In [45]:
from bs4 import BeautifulSoup
import unittest
import requests


## Problem 0
There are 10 images on the page http://newmantaylor.com/gallery.html. Some of them have "alt text", which is the text that is displayed or spoken because of browser limitations, or because someone is using a screen reader, for example. Scrape this page and print out the alt text for each image. If there is no alt text, print "No alternative text provided!" The code you write should be general enough to work for any similar page with 10 images like this (not just this one), just by changing the URL to a different one.

In [46]:
page = requests.get("http://newmantaylor.com/gallery.html")
soup = BeautifulSoup(page.text, 'html.parser')
img_tags = soup.find_all("img")
for img in img_tags:
    print(img.get("alt", "No alternative text provided!"))


Waving Kitty 1
No alternative text provided!
Waving Kitty 3
Waving Kitty 4
Waving Kitty 5
Waving Kitty 6
No alternative text provided!
Waving Kitty 8
Waving Kitty 9
Waving Kitty 10


## Problem 1
Access and cache data, starting from https://www.nps.gov/index.htm. You will ultimately need the HTML data from all the parks from Arkansas, California, and Michigan. So, you should save on your computer data from the following pages, in files with the following names:

Main page data, https://www.nps.gov/index.htm, in a file nps_gov_data.html

Arkansas, https://www.nps.gov/state/ar/index.htm, in a file arkansas_data.html

California, https://www.nps.gov/state/ca/index.htm, in a file california_data.html

Michigan, https://www.nps.gov/state/mi/index.htm, in a file michigan_data.html

You should commit and push each of these .html files to your final Git repository.

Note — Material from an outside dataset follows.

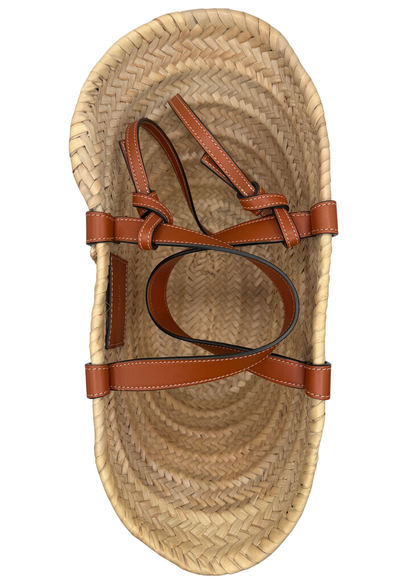CELINE TRIOMPHE CLASSIC TEEN PANIER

Note that this is a much less complex 'caching' system to save data from the internet on your computer than you may be accustomed to from accessing REST API data. A system like the one discussed in our textbook can also certainly be used for HTML data like this, but in this case, we're using a shortcut. Later in the course you'll see more options for structuring your code in an easily-reusable way, and you may also come up with some yourself.

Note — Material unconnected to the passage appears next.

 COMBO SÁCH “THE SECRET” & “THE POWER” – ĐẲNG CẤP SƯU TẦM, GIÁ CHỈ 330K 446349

You should not hardcode the above URLs to get the html. Instead, you should write code that begins scraping https://www.nps.gov/index.htm. This code should be written such that you can pretty easily decide to add a new state, such as NY, to the states you want data from, and it would work.

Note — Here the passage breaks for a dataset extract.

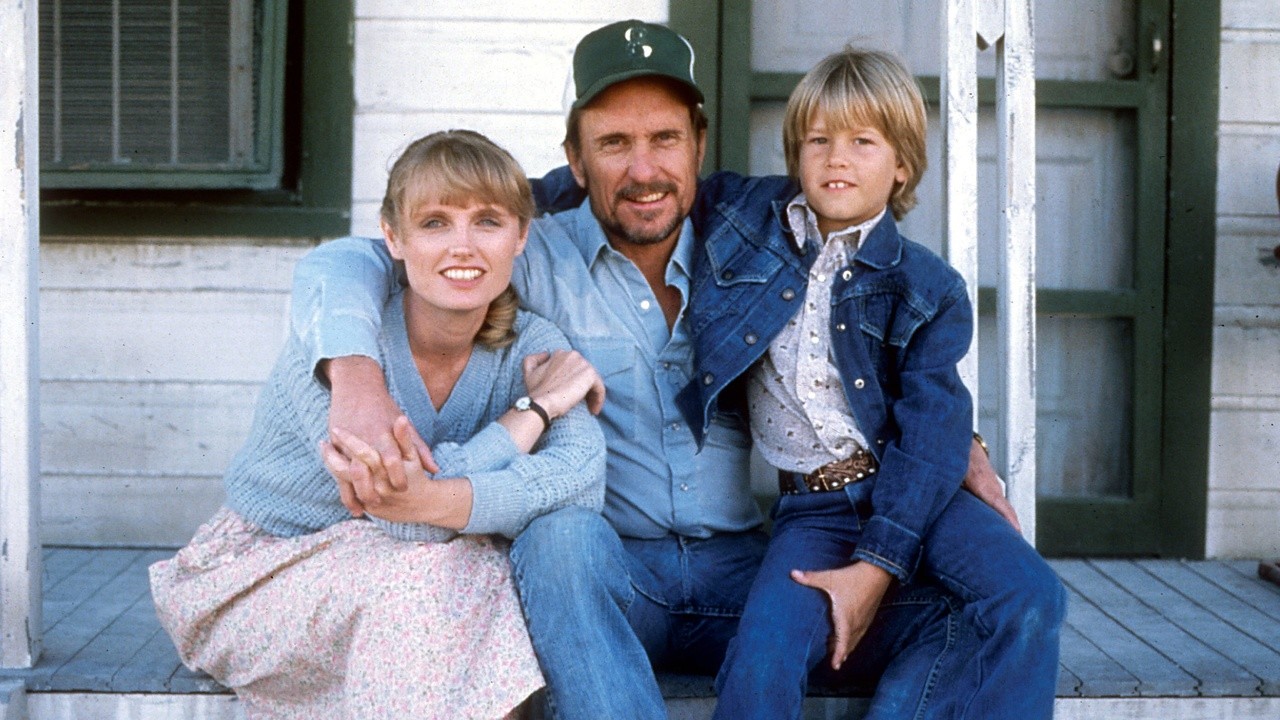 Filme: "Tender Mercies" (1983), Bruce Beresford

You can access, and thus cache, data from those three listed pages for AK, CA, and MI parks, by starting with a BeautifulSoup object of the HTML on the page https://www.nps.gov/index.htm -- and to get full points on this question, you should do that, rather than simply e.g. resp_text = requests.get("https://www.nps.gov/state/mi/index.htm").text, etc.

If you access and cache the data without starting with a BeautifulSoup instance from the https://www.nps.gov/index.htm data, you will lose at least 50 points from this problem.

We have provided comments as structure to proceed through Part 1. We suggest that you follow them. However, if you choose not to, as long as you end up with the result that is required (the files), and you are not accessing the internet to get HTML data from those 4 pages every time you run the program, you will get credit for Part 1.

In [47]:
# found this to be easier to get as many states as you want. Just need to add abbreviates to the 'states' list
# you can then accumulate them all in a list comprehension to get a list of each page's html
def get_and_cache_page(relative_url, filename):
    base_url = "https://www.nps.gov"
    try:
        page = open(filename, 'r').text
    except:
        page = requests.get(base_url + relative_url).text
        with open(filename, 'w') as f:
            f.write(page)
    return page

def get_state_url(state_abrs):
    if not isinstance(state_abrs, list):
        state_abrs = list(state_abrs)
    state_urls = [main_soup.find('a', href=True, text=item)['href'] for item in states]
    return state_urls



In [48]:
nps_main = get_and_cache_page("/index.htm", "nps_gov_data.html")
main_soup = BeautifulSoup(nps_main, 'html.parser')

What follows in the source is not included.